Historical Marker

WBAP-TV - Channel 5, First Television Station in Texas

Historical marker location:
3900 Barnett St., Fort Worth, Texas
( 3900 Barnett St., Fort Worth)
Marker installed: 1983

Founded by Amon G. Carter, noted publisher of the "Fort Worth Star-Telegram", the first progam--a public appearance, Sept. 27, 1948, by President Harry Truman--made Texas the sixteenth state in the nation to open a commercial station.

Among other "Firsts" of WBAP-TV are the first live entertainment in Texas ("Flying X Ranchboys"), and first Texas colorcast via NBC-TV, 1954. Today Channel 5 serves aproximately 60 counties in Texas and Oklahoma.

Since its birth, television has made many advances. In Washington, D.C., 1927, Herbert Hoover (at that time Secretary of Commerce) appeared on the first major telecast in the nation. In 1931, H. & W. Corset Company in New York conducted the first experimental use of closed-circuit television to display its models to a buyer and sold $5,000 worth of merchandise.

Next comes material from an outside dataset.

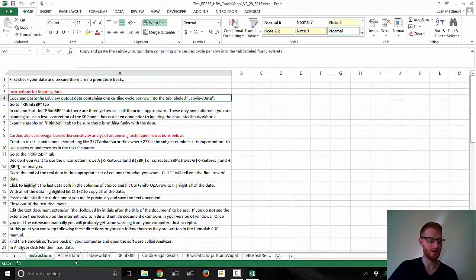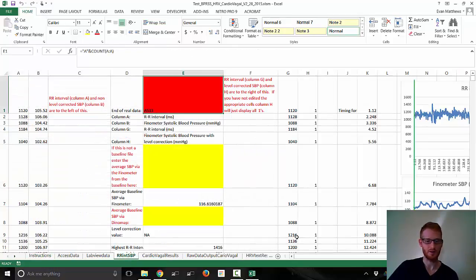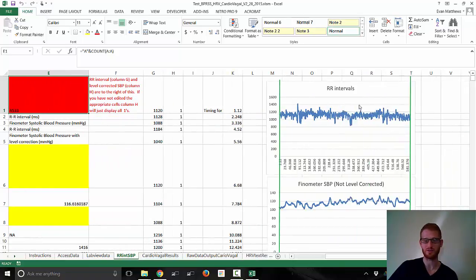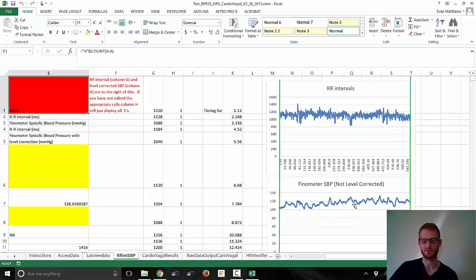The data is in here and it's being read. Let's go back to the instructions tab — it's going to tell you to go to the R-R interval to systolic blood pressure tab and see if everything looks the way it should. We have some graphs here: this is R-R interval being graphed, and this is systolic blood pressure being graphed — that's basically what it would typically look like. As long as there aren't any weird shifts or large spikes, you're probably good. This is pretty typical.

Modern commercial telecasting did not begin, however, until 10 years later, when New York opened the first station in the country. After a slow start, major strides were made in 1947 and 1948. As of July 1, 1967, the U.S. had 628 commercial and 128 educational stations, with 224 under construction. Of these, Texas had 49 commercial and 5 educational.